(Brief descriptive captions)
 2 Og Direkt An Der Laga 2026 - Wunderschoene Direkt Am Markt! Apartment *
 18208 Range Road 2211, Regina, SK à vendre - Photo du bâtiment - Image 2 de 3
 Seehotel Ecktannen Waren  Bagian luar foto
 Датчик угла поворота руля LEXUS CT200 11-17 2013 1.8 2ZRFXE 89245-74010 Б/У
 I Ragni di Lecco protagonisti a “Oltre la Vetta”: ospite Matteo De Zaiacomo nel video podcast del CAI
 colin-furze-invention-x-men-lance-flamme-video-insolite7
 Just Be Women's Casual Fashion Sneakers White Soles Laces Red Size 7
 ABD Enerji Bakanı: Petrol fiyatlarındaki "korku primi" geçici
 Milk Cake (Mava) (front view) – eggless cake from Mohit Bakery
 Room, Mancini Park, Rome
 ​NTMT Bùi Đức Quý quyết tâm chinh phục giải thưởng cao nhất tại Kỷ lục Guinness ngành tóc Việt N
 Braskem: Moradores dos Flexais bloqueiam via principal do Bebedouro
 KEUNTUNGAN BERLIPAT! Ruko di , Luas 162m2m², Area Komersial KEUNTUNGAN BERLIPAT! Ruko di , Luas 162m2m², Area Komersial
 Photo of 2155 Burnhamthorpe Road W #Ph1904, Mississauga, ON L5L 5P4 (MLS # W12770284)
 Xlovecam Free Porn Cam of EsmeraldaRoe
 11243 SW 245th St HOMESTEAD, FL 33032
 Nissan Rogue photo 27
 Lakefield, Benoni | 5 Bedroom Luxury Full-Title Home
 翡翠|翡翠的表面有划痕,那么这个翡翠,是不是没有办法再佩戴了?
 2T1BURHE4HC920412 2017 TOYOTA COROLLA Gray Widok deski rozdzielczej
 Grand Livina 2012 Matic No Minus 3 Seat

| Work required |
The answer must consist of every line from the entries above that contains the string "video".

| Exercise solution |
 I Ragni di Lecco protagonisti a “Oltre la Vetta”: ospite Matteo De Zaiacomo nel video podcast del CAI
 colin-furze-invention-x-men-lance-flamme-video-insolite7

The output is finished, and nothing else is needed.